During the match at Tehran's 100,000-seater Azadi Stadium there were not the usual outbursts of joy and the chanting of football hymns.
Instead, religious authorities had asked Iranian football fans to raise clenched fists and chant "Ya Hussein", the slogan of tribute to a Shia martyr, during the match.
At half time, singers performed solemn religious songs on the pitch.
There was screaming, however, when Iran’s Sardar Azmoun's scored the only – and winning - goal of the match, in the 25th minute.
But during the rest of the match the fans were quieter than normal.
Shias mourn Hussein
Tasu'a is the time that Shia Muslims mourn the start of the epic battle of Karbala in 680 AD according to the Christian calendar, when Mohammed's grandson, Imam Hussein, was killed together with 72 of his followers and members of his family.
In the whole of the country, during the two days of mourning, men in Iran gather in long processions and beat their chests to the rhythm of a drum.
Some flagellate their backs with chains as onlookers watch them.

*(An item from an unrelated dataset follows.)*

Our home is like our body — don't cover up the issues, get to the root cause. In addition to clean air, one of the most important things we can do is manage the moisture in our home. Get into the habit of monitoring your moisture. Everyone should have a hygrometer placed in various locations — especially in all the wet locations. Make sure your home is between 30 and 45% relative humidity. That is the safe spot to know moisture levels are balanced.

Meanwhile, radio and television channels only play sombre mourning music. Cinemas and theatres are closed, as are government offices and shops.

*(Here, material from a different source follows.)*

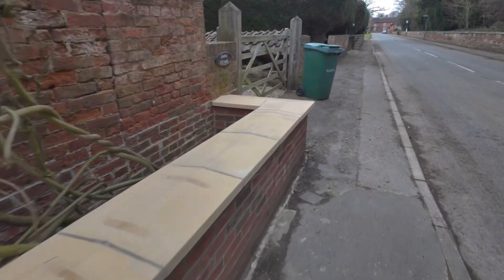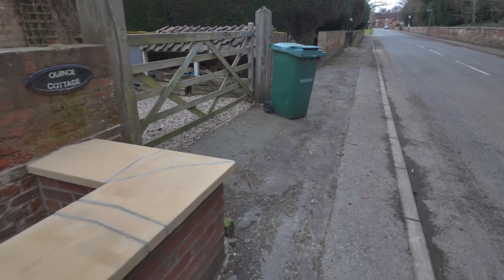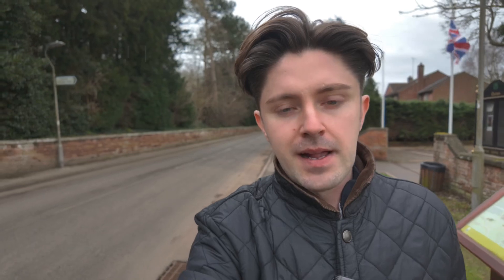It doesn't displace a huge amount of water as you can see, and the rest of the property will be fitted with PFR measures to reduce ingress, but the main ingress was at the front.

The South Koreans were not happy.
Some complained that Iranian fans had thrown bottles at them and one player compared Iran with a “giant jail.”

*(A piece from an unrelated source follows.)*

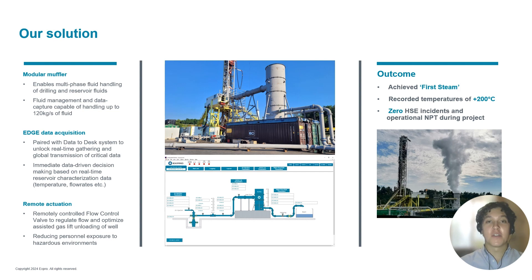The flowback package consisted of an actuated flow control valve used to remotely regulate flow and optimise airlift unloading of the well, whilst reducing personnel exposure to high-temperature steam and pressures. A modular muffler was at the heart of the flowback package, tailored specifically for project parameters to enable multi-phase fluid handling of drilling and reservoir fluids through the separation of bulk liquid and steam phases for fluid management and critical process data capture up to 220 degrees Celsius and 120 kilograms per second.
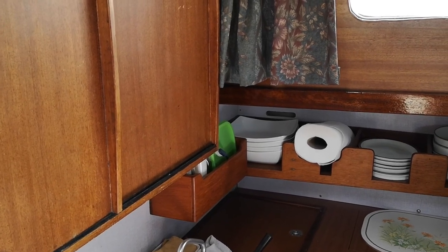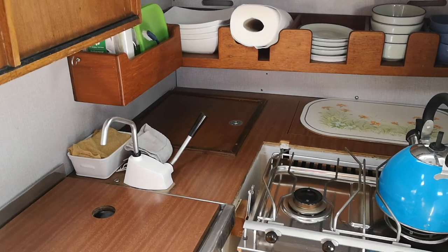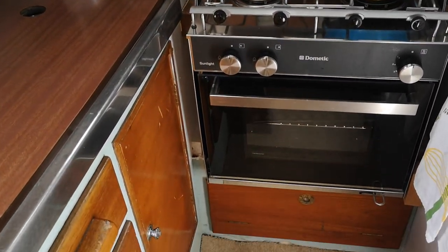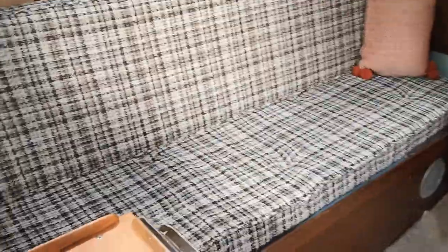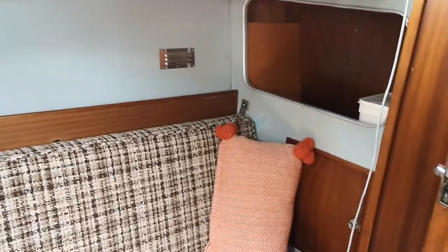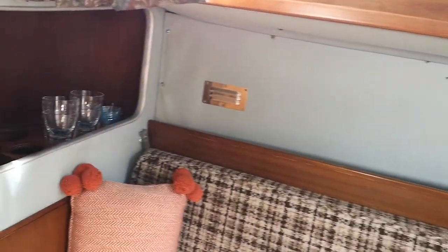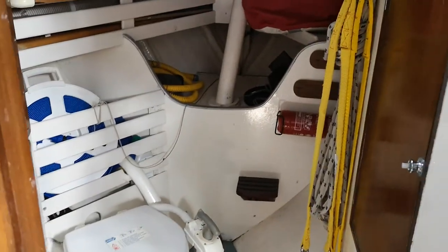Hi, this is John from Boat Shed Chichester aboard this very lovely Sea Dog with absolutely stacks of character. Reasonable sized galley. Both of these turn into actually quite spacious single berths, and a very large forward heads area with sink. Plenty of storage.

Football rivalry between Iran and South Korea is strong and both countries strive to be Asia’s best.
After winning this match, Iran finds itself at the top in group A with for wins and one draw, followed by Uzbekistan, with South Korea only in third position.
China, the most populous country in the world, has not managed to translate its huge human potential into football success and is the last in group A with only one draw.